REQUIREMENT: Every line below from the one containing "Heathrow Aeropuerto Londres" through the one containing "Disfruta De Un" is to be printed exactly, with the pictures omitted.

EXTRACTED INFORMATION:
+===+

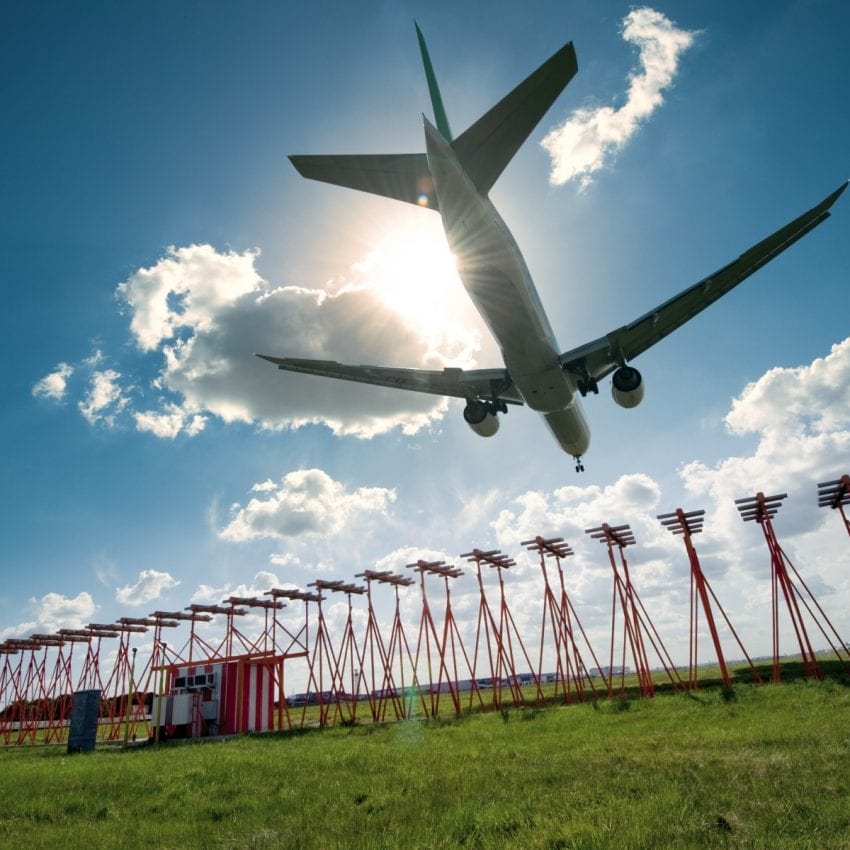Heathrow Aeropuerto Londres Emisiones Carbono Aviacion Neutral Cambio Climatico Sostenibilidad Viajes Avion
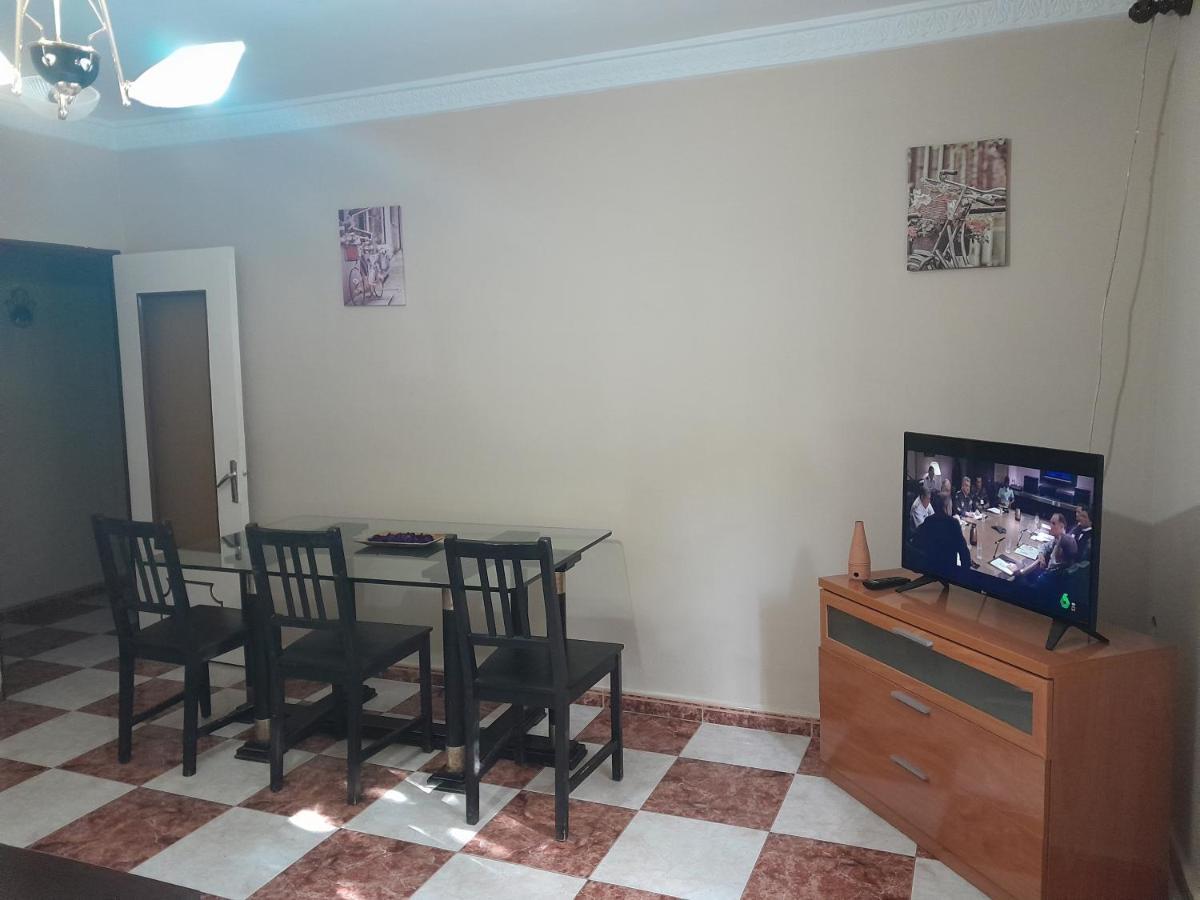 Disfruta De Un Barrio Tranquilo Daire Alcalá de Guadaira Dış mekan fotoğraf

+===+

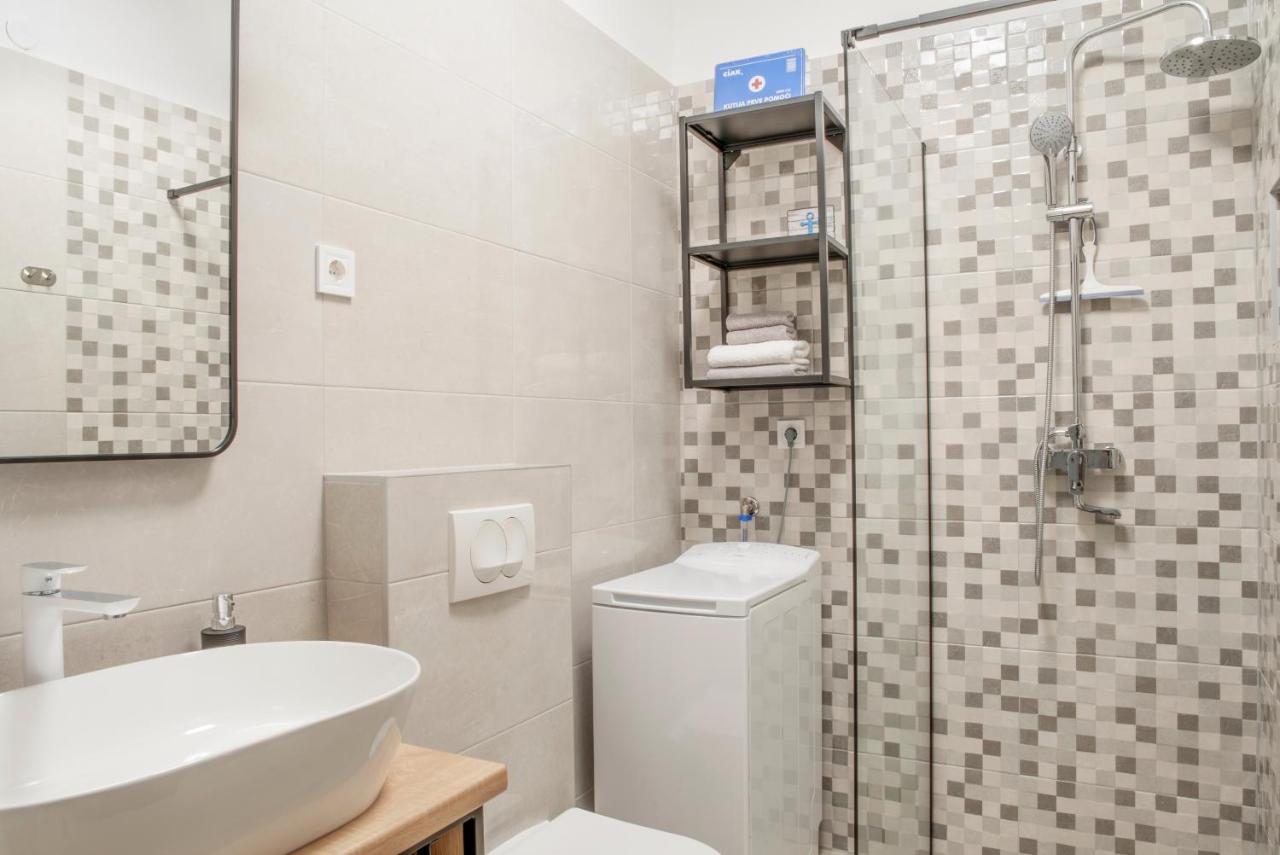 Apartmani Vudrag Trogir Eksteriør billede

+===+

OUTPUT FOR THIS TASK:
Heathrow Aeropuerto Londres Emisiones Carbono Aviacion Neutral Cambio Climatico Sostenibilidad Viajes Avion
 Disfruta De Un Barrio Tranquilo Daire Alcalá de Guadaira Dış mekan fotoğraf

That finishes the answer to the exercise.